[Records from a collection]

- - - - - - -

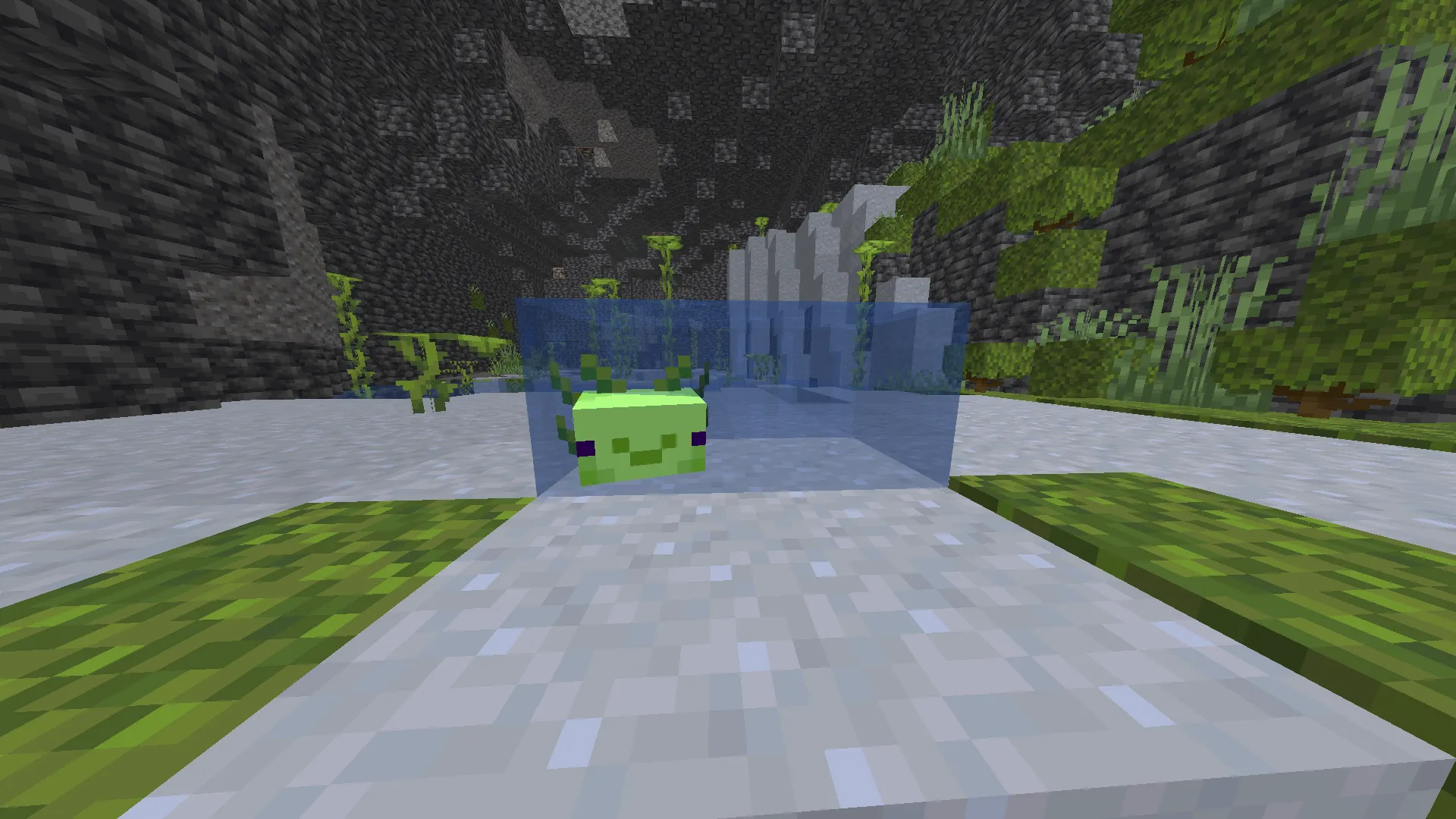 My texture pack full of surprises — скриншот 1 (Текстуры, Minecraft)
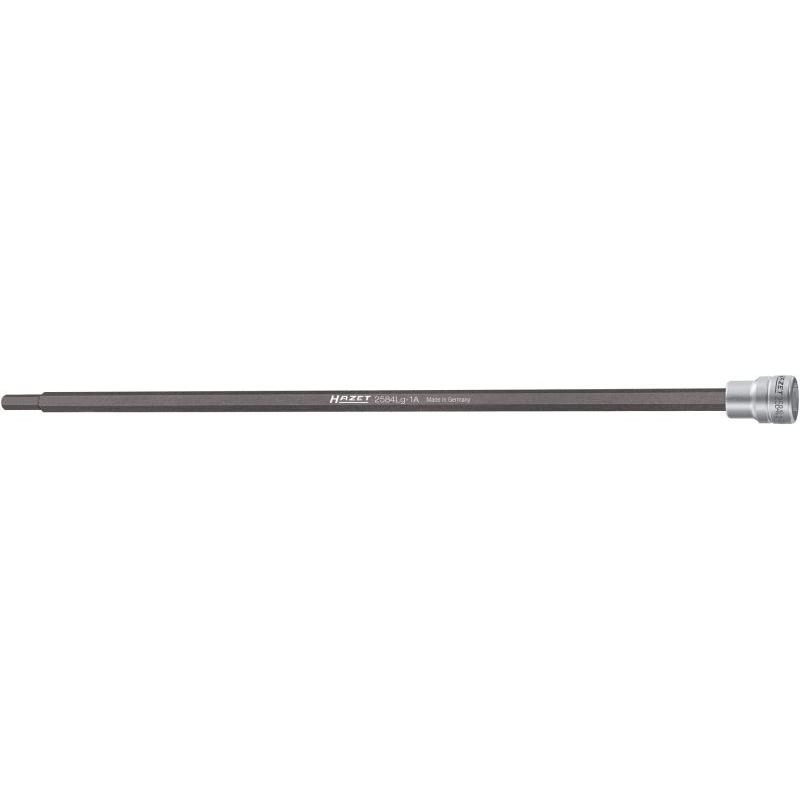 2584LG-1A - Nasadka trzpieniowa długa 3/8" do wałów napędowych, 6 mm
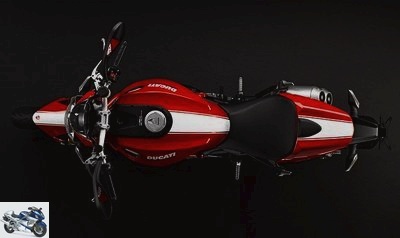 Ducati 1100 MONSTER evo 2011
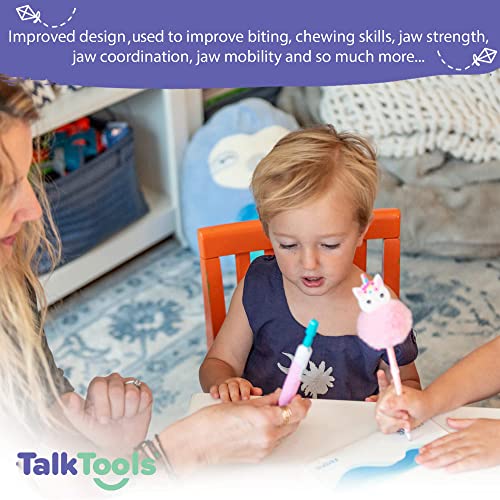 TalkTools Oral Sensory Therapy Tool - Speech Therapy Toy for Kids | Oral Motor Therapy Tools for Speech and Feeding from TalkTools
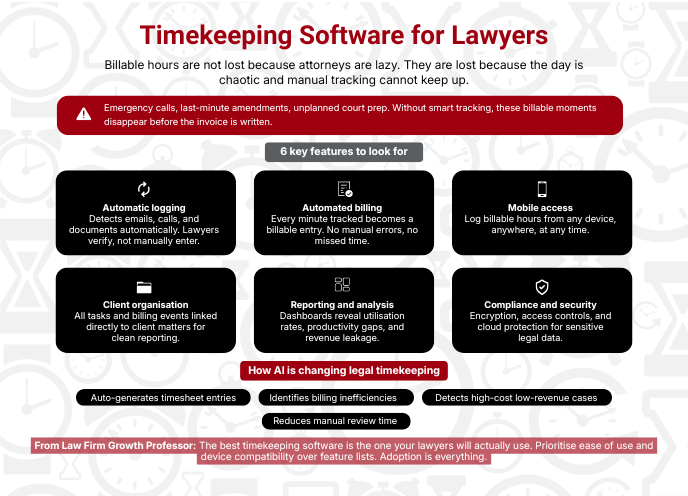 timekeeping software for lawyers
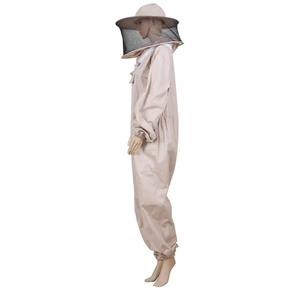 Chaqueta ventilada de 3 capas, traje de abeja con capucha transpirable para adultos, sombrero de apicultor, guantes de protección para apicultura, traje con velo - Product Image 2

- - - - - - -

Please hand back every entry above exactly, with no images in the copy.

▶ _Result for this exercise_
 My texture pack full of surprises — скриншот 1 (Текстуры, Minecraft)
 2584LG-1A - Nasadka trzpieniowa długa 3/8" do wałów napędowych, 6 mm
 Ducati 1100 MONSTER evo 2011
 TalkTools Oral Sensory Therapy Tool - Speech Therapy Toy for Kids | Oral Motor Therapy Tools for Speech and Feeding from TalkTools
 timekeeping software for lawyers
 Chaqueta ventilada de 3 capas, traje de abeja con capucha transpirable para adultos, sombrero de apicultor, guantes de protección para apicultura, traje con velo - Product Image 2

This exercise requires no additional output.